An Experiment in Free Promotions

I've been wondering how effective advertising is for free promotions on Amazon. There are numerous sites to which you can apply for posting your free book. Some of these sites offer free advertising, others say they may or may not give you exposure but if you pay them some money they will guarantee it. They're only asking for five dollars but if you do that a few times it adds up. Do people really pay for advertising for a free book? Reminds me of the gold rush days when the only person making any money was the guy selling pickaxes and shovels.
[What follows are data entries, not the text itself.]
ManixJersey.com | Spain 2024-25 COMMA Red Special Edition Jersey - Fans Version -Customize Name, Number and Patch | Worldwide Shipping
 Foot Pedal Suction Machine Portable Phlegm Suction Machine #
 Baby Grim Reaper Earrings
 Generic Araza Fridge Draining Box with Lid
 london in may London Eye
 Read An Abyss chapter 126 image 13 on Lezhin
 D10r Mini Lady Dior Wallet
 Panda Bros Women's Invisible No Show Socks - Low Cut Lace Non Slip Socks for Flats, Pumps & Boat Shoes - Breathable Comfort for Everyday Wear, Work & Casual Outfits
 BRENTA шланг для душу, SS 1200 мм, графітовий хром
I tried an experiment with free promotional advertising last month. I put out Tapestries of Betrayal, a new title, for free for five days and promoted it everywhere I could for free. I had five free days on Tales of Woe and Wonder, an older title, that were going to expire, so I put that book up for free for the same time period but didn't do any advertising. Tapestries is a single story; Tales is a collection, but both fall in the fantasy genre.

I expected the promoted title to do much better considering the hours I spent filling out submission forms. Ultimately, the promoted title out performed the non-promoted title but not by that much. Tapestries accounted for 58.5% of my free downloads while Tales took 41.5%. Remember that I had already done a free promotion for Tales a few months earlier. So, advertising appears to help some but readers still found the non-promoted title.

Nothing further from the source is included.